3 responses to “Page from: Emily Killian | The Shelby Star

  1. JLT

    What’s the reason for the no jump policy? We jump all our front page stories to the back page of the section. So all the reader has to do is flip the paper around. We also run 3-5 stories on the front as I see only two on this page.

  2. David Merrill

    The no-jump rule is a tremendous constraint, and I suspect it will present different challenges with each issue, not only for the designer, but also for the writers and editors. I hope your readers appreciate it.

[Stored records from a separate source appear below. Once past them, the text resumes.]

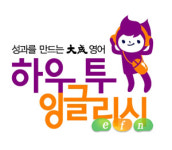 (창업설명회) 자기주도학습 에듀플렉스 外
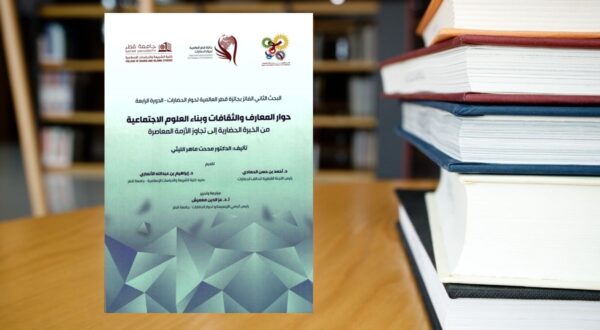 مستند يتضمن عنوان "حوارات المعارف والبناء الاجتماعي" من جامعة قطر، مع خلفية هندسية وألوان خضراء وزرقاء. يظهر في الصورة بعض الكتب في الخلفية، مما يعكس موضوع التعليم والبحث الأكاديمي.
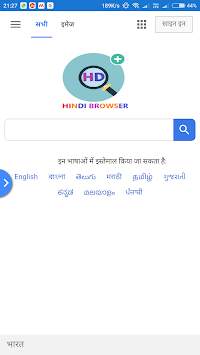 Hindi Browser screenshot 1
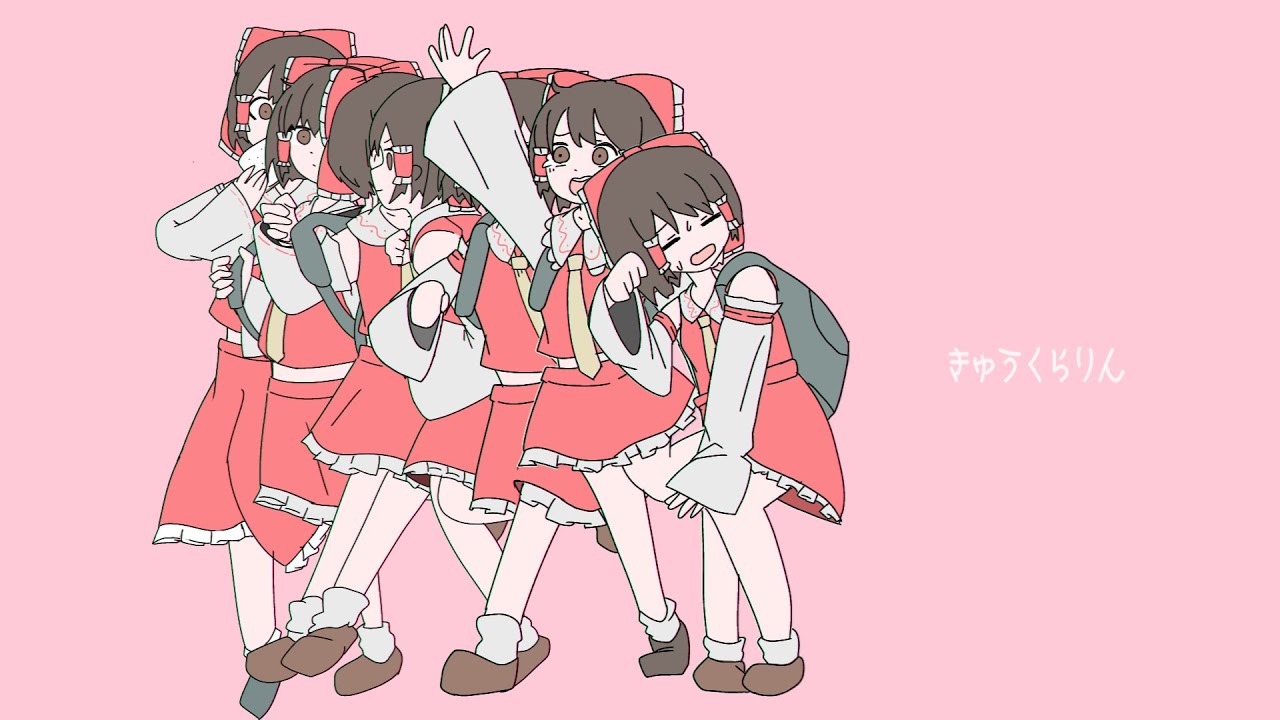 【UTAU】霊夢に「きゅうくらりん」を歌ってもらいました【博麗霊夢】(Full Ver)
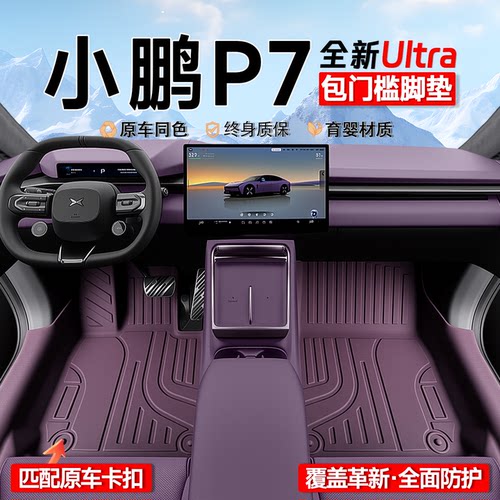 【新款小鹏P7专用脚垫】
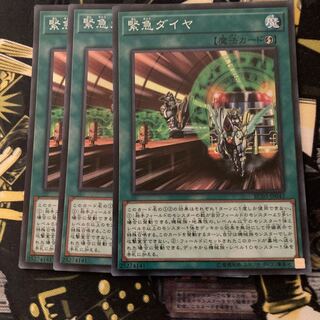 マドレース3029緊急ダイヤ スーパーレア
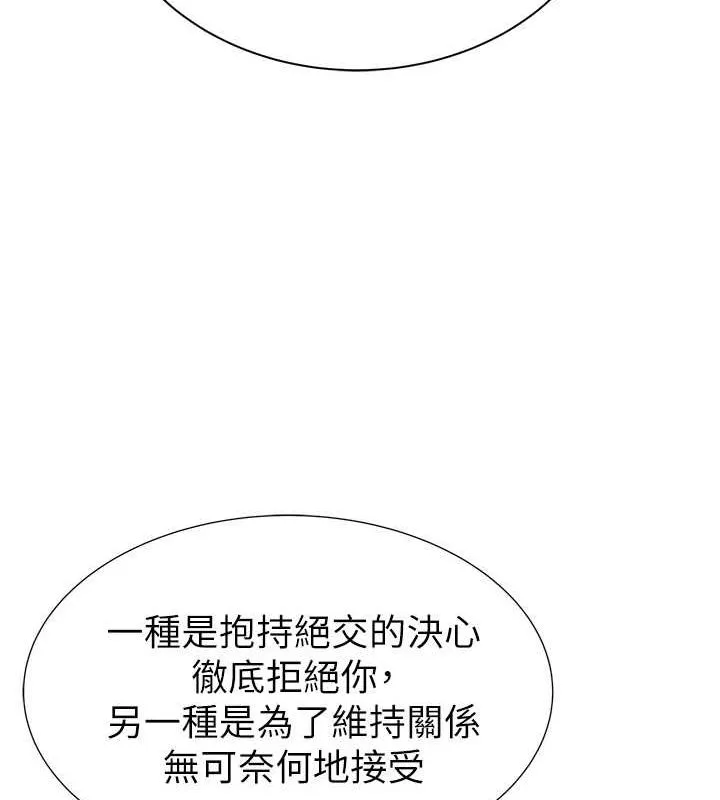 繼母的香味第80話-這是我的聯絡方式&hearts;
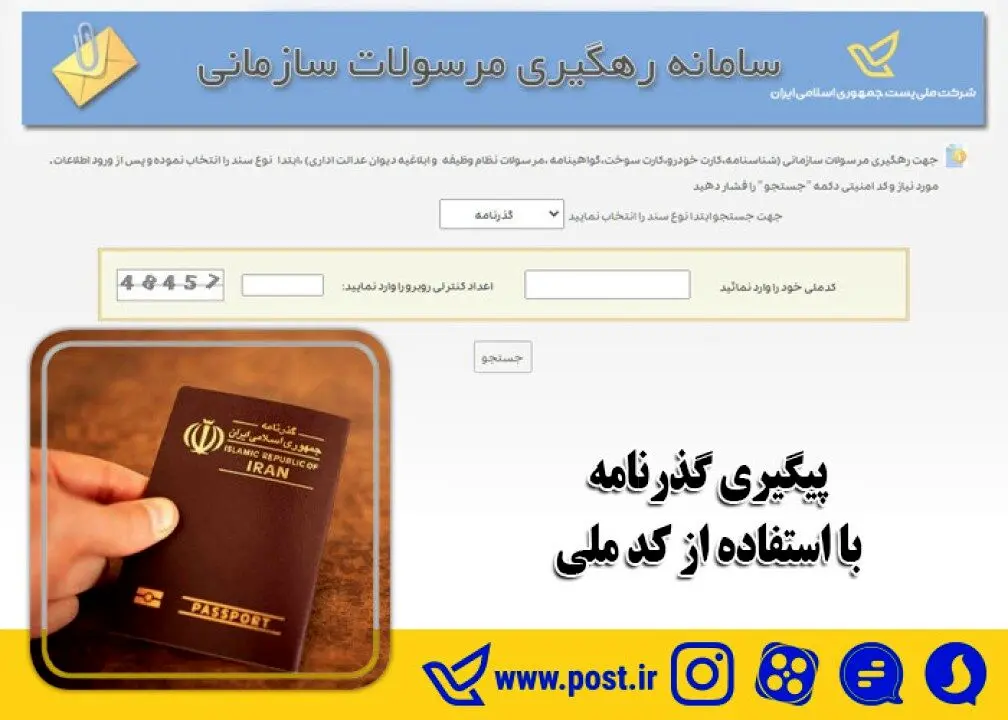 پیگیری گذرنامه با استفاده از کد ملی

    In this case, I can see two ways the tint might be avoided. One is to box the horse-murder story, or at least run a rule across the top and down the right side of it. The other is to set it in a 2- rather than a 3-column layout. Doing both might be best, but if (as it appears) your style includes minimal use of rules, the difference in column width should be sufficient to set it off from the right-hand leg.

  3. Judy Salter

    I agree with Ed. I’ve had to segment stories because they were too long, even when we jumped them. If you really read the story carefully, you’ll see several stories there. Might even have been two stories in the horse story. Many years ago I was chastised about using screens. Then I worked for an editor who loved them and ran a screen, no matter what color was in the front page position. AND he loved running reverse type. So one day, a very big front page story ran reverse on yellow. No one had a clue what the story was!